Crawled caption data:
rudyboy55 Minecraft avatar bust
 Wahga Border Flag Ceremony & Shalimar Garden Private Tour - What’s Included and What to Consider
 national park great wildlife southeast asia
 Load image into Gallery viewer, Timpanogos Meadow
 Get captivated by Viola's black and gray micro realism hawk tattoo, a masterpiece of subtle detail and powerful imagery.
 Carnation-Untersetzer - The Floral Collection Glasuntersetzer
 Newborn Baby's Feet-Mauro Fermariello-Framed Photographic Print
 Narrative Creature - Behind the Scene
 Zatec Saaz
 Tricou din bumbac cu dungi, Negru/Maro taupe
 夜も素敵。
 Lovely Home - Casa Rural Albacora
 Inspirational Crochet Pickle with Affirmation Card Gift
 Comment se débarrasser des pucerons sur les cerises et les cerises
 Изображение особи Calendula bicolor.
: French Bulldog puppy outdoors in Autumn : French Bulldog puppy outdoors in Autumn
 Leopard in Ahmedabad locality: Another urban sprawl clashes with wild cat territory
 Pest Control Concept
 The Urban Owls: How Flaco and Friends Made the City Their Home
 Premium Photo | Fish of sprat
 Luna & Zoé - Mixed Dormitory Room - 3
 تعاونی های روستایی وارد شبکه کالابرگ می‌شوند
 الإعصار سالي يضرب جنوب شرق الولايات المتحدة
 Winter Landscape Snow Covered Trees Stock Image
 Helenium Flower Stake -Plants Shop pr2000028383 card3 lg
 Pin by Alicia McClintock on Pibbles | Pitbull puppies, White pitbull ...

**The problem**
An exact copy of every record above is what's needed here.

**Answer space**
rudyboy55 Minecraft avatar bust
 Wahga Border Flag Ceremony & Shalimar Garden Private Tour - What’s Included and What to Consider
 national park great wildlife southeast asia
 Load image into Gallery viewer, Timpanogos Meadow
 Get captivated by Viola's black and gray micro realism hawk tattoo, a masterpiece of subtle detail and powerful imagery.
 Carnation-Untersetzer - The Floral Collection Glasuntersetzer
 Newborn Baby's Feet-Mauro Fermariello-Framed Photographic Print
 Narrative Creature - Behind the Scene
 Zatec Saaz
 Tricou din bumbac cu dungi, Negru/Maro taupe
 夜も素敵。
 Lovely Home - Casa Rural Albacora
 Inspirational Crochet Pickle with Affirmation Card Gift
 Comment se débarrasser des pucerons sur les cerises et les cerises
 Изображение особи Calendula bicolor.
: French Bulldog puppy outdoors in Autumn : French Bulldog puppy outdoors in Autumn
 Leopard in Ahmedabad locality: Another urban sprawl clashes with wild cat territory
 Pest Control Concept
 The Urban Owls: How Flaco and Friends Made the City Their Home
 Premium Photo | Fish of sprat
 Luna & Zoé - Mixed Dormitory Room - 3
 تعاونی های روستایی وارد شبکه کالابرگ می‌شوند
 الإعصار سالي يضرب جنوب شرق الولايات المتحدة
 Winter Landscape Snow Covered Trees Stock Image
 Helenium Flower Stake -Plants Shop pr2000028383 card3 lg
 Pin by Alicia McClintock on Pibbles | Pitbull puppies, White pitbull ...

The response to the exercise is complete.